■ **What needs to be done**
Without including any images, please transcribe all the lines below exactly.

------ Provided data ------

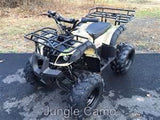 Taotao TForce 120cc Youth ATV - American Motorsports and Repairs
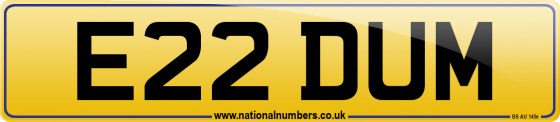 E22 DUM
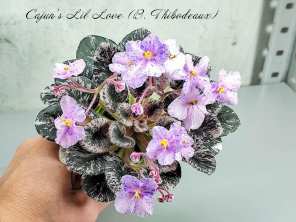 Фиалка Cajun's Lil Love (B. Thibodeaux)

------

■ **Response for this exercise**
 Taotao TForce 120cc Youth ATV - American Motorsports and Repairs
 E22 DUM
 Фиалка Cajun's Lil Love (B. Thibodeaux)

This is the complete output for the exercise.